Lately, I have been hearing people, both men and women, talking about the possibility of marrying down. The concept being is that they would marry someone making a lower salary and possibly having less education. For instance, a professional business woman making a high salary would consider herself “marrying down” if she married a truck driver. A college professor would consider himself marrying down if he married a high school grad. If you find yourself in the position of considering “marrying down”, please don’t do it. You will only wind up messing up someone’s life who loves you. You see, if to you, you are marrying down, that means you will probably be ashamed of your spouse around your friends. You will not want to let them know what he does for a living or what her level of education is. You will obviously feel superior. Consequently, you won’t truly value your spouse’s opinion on very much.

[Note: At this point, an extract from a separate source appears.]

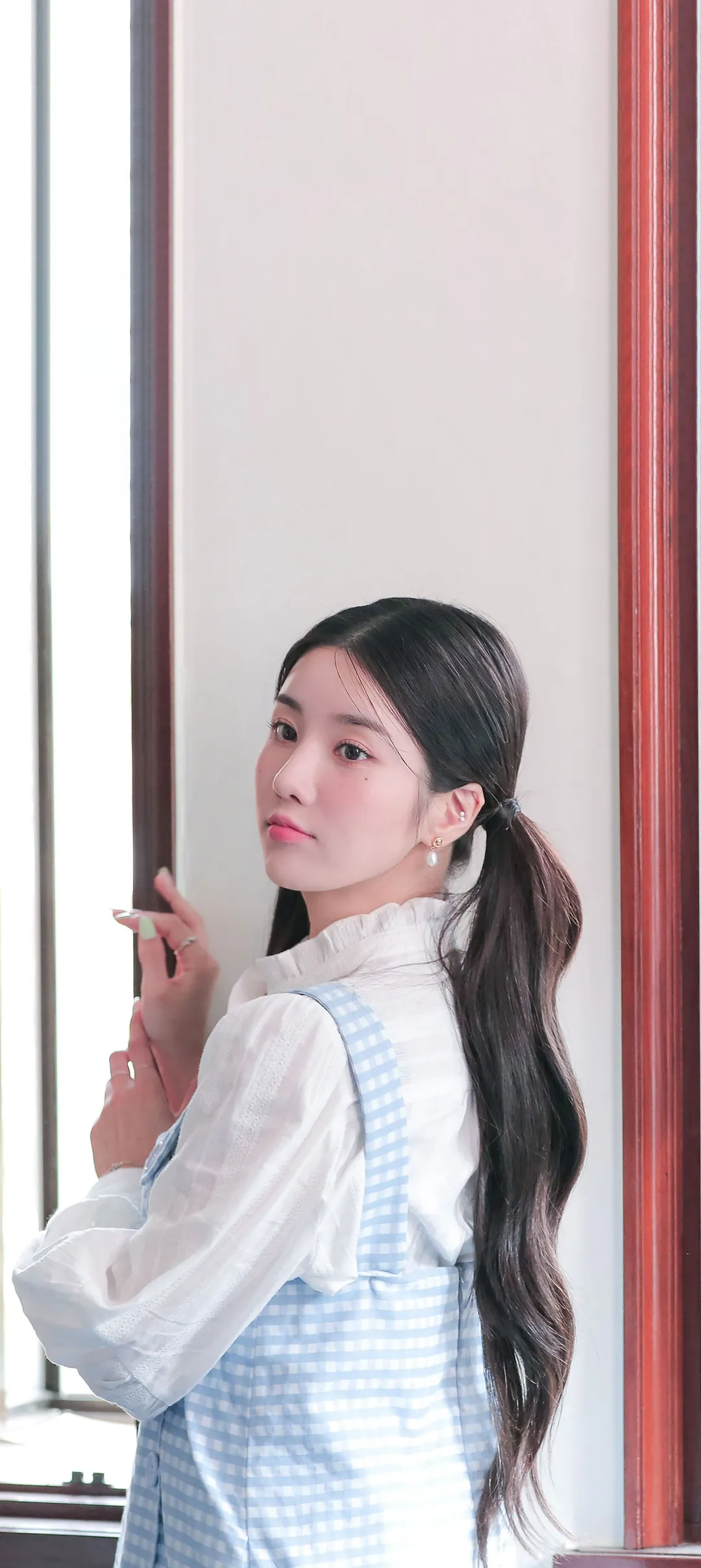 วอลเปเปอร์ หน้าจอล็อก มือถือ Kwon Eun-bi Open 4K HD ดาวน์โหลด — IZ*ONE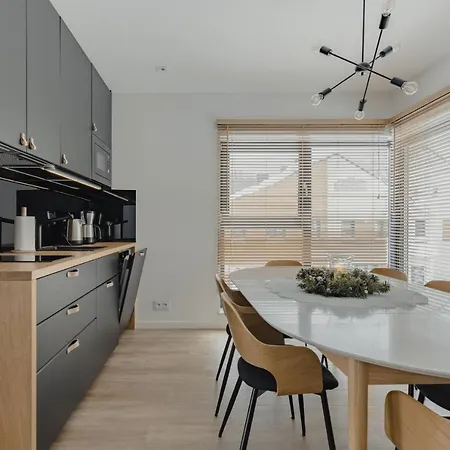 Ptasie Nowosc Z Widokiem Na Gory شقة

You will find yourself thinking condescending thoughts leading to making condescending remarks. If you are a woman, you will probably become rude, controlling and bossy. You will try to play it off by claiming to be a “strong woman.” In reality, you are really just rude, controlling and bossy. If you are a man, you will become rude, controlling and bossy. You will try to play if off by claiming to be an intellectual with an “A” type personality. In reality, you are just rude, controlling and bossy. Strong, intelligent people know how to treat people; especially their spouses. Now, unless you married an idiot, your spouse will notice these things and there goes any chance for a fulfilling relationship.
Here is another side of this. If you get married to someone already thinking you are marrying down, you are right in terms of money, social status, education and such. But, you spouse is also marrying down in terms of character. You are showing poor character by your attitude. And, as stated before, you are just going to mess up someone’s life. And the worst part, you will most likely wind up finding (manufacturing) reasons to blame them for it. And the saddest part is, if you had married each other with the right attitude of acceptance, you wouldn’t be concerned about what others think. As time goes on, differences in education, salaries, social status and such will no longer matter. As you build a life together, you work through things, all sorts of things. You have to remember you did not marry a truck driver, you married a husband. You did not marry a high school grad. You married a wife. The same is true coming from the other direction. What you do for a living has very little to do with the making of a great marriage relationship. Don’t take my word for it. Pay attention for yourself to all of the educated, wealthy and connected people who go through multiple divorces. Look at all of the poor and middle class people that get divorced. Neither money nor the lack of it keeps marriages together. When possessions and social status are prominent in your relationship, you may as well go straight from the church to divorce court. Enjoy the ceremony and cut your losses right away. Save yourself and your spouse from all of the unnecessary pain and drama of what will most likely become a loveless marriage. If you have that “marrying down” attitude and you can’t find anyone in your financial, social and educational realm who wants to marry you, again, don’t get married and mess up someone else’s life. Marriage is hard enough without being with someone who has a superiority complex. There is hope, though. You can always change your view.